You want to provide anecdotes? Let me give you one. I interned at a BB bank my junior year in IB and there were 4 kids in a coverage group seated next to mine. There were only 2 FT positions and two of the kids were basically rock stars (both asian dudes), 1 kid was decent (white dude), and 1 kid absolutely sucked (black girl). The African American girl literally kept referring to her school no one at the firm had heard of as "the Harvard of the South" and every piece of work she turned in had to be massively redone. She didn't know what a DCF was, couldn't edit a PowerPoint deck to match the preferred format to save her life, and was intolerably braggadocios. I know this because the there interns towards the 2nd half of the summer picked up a bunch of her slack as the associates realized she was totally incompetent.

Anyway,, come end of summer the group had to give out 2 FT offers only. The entire group except for the head MD chose of the 2 rock star asian guys. But the head MD (who was also Head of Diversity and a black guy himself) vetoed the decision and said one of the two FT offers should be taken away from one of the rock stars and given to the black girl. The entire group protested against this. I myself heard the associate (who sat 2 desks away from mine) arguing - as carefully as you can against the head of your group - that this girl was absolutely inept and also a pain as a person to be around. But the Head MD wanted to hire her for no other reason than that she was black and female.

Tell me how that in any way is fair? This asian guy grinded his absolute butt off for the summer only to get shafted because he wasn't enough of a minority to be handed things for free. I was fortunate as I was in a group with 3 interns with 3 offers to give, but I literally couldn't believe that decisions were being made this way in that group. So while affirmative action can be good to an extent, when you take it this far it ends up screwing over those most deserving while rewarding those who are least deserving the system itself is failing.

And no, the average white male hire is not less competent than the average minority hire lol. Pretty much every non-black/latino hire had to have GPAs above 3.7 while I spoke with several minority hires with GPAs of 3.3s and 3.4s. And largely, the guys with 3.7s and 3.8s ramped faster and became productive more quickly. So please stop spreading misinformation to justify hiring people based on the color of their skin.

 

And hedgehog9

You both make reasonable points. Here is what I would say: if you think it is easier for a black guy to get a white collar job than it is for a white guy, you would be completely wrong most of the time. If the hiring manager is white and the clients are older white people, it might be very difficult for the black guy to get the job, The issue might not be overt racism but the hiring manager might be concerned about how his clients would feel about hiring the black guy. This is not overt racism but it still is a form of racism.

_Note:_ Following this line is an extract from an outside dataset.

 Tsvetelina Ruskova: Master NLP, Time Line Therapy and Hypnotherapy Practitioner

Another reason you find a disproportionately low percentage of black people in finance might be, on a statistical basis, they might prefer other industries such as law. With that said, black people may prefer law (I know these are generalizations) but this might because getting a job in finance might be difficult.

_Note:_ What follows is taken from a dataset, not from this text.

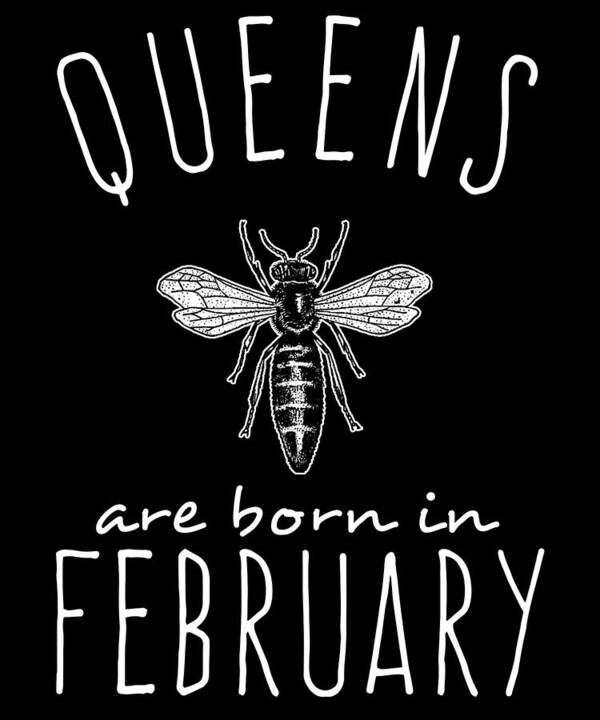 Funny Poster featuring the digital art Queens Are Born In February by Flippin Sweet Gear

Regarding affirmative action and diversity, I am kind on the fence on this one. A hiring manager should hire the person who is most qualified for the job. However, if the applicants are equally qualified and the firm wants to be more diverse, then they should hire the minority. With that said, affirmative action is not just about current diversity, it is also about giving people a chance when they might not have one. Of course, no one should hire someone who completely unqualified for a job. That would not make much sense for the applicant or the employer.

 

If you're the only black guy in the office, then why aren't you using your position to advocate for more black people? I'm go to a nontarget with an alumni network that is very well known to go to bat for students. I networked my ass off to get superdays and despite having great conversations with some people, the only people that actually got me interviews were alumni. I know that if I'm in the position to help people who go to my school I would do it if they made the effort to reach out because I'm in a position to do that and that's how I broke in. I'm not saying these two things are completely comparable, but I am saying that you're in a position where, even if you don't have a say in the recruiting process, at the very least you can express your opinion or if anyone contacts you you can refer them to a colleague and get their name around.

 

The implementation is by far more important than the idea.

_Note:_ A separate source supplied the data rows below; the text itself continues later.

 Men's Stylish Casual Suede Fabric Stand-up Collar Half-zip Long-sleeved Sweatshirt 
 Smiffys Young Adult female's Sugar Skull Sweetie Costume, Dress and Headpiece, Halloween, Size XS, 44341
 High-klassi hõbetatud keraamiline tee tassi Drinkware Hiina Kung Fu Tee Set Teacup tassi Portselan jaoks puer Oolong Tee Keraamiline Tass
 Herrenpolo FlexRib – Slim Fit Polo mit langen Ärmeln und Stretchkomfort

"One of the great mistakes is to judge policies and programs by their intentions rather than their results." - Milton Friedman

Be excellent to each other, and party on, dudes.
 
molderingpeanuts:
Another relevant quote: "The way to stop discrimination on the basis of race is to stop discriminating on the basis of race." - Chief Justice Roberts

This is the "I don't see color" argument and it's garbage. Even if you as an individual doesn't see color, society does - and it affects people's lives (for example, sentencing in the criminal justice system, driving while black, etc.). If someone can't acknowledge that and maintains "I don't see color" then they are a part of the problem and not the solution.

Array
 

ah another bitch-baby and out of touch post on diversity efforts. At this point, just a scroll through this comment thread is enough to provide reason as to why diversity hires exist and is necessary.

 

Great argument pal. Really glad you brought up empirical evidence to support your claims. Hiring simply on the basis of race/gender is the definition of racist/sexist. Don't know how anyone can argue otherwise. There's absolutely no solidified evidence that any of the diversity/affirmative action has resulted in anything positive for firms/schools. Whereas there was a recent study that clearly showed that Harvard Law affirmative action students were 4 TIMES as a likely to fail their bar exam at the end of law school in comparison to their non-affirmative action counterparts.

 
tjo55:
There's absolutely no solidified evidence that any of the diversity/affirmative action has resulted in anything positive for firms/schools.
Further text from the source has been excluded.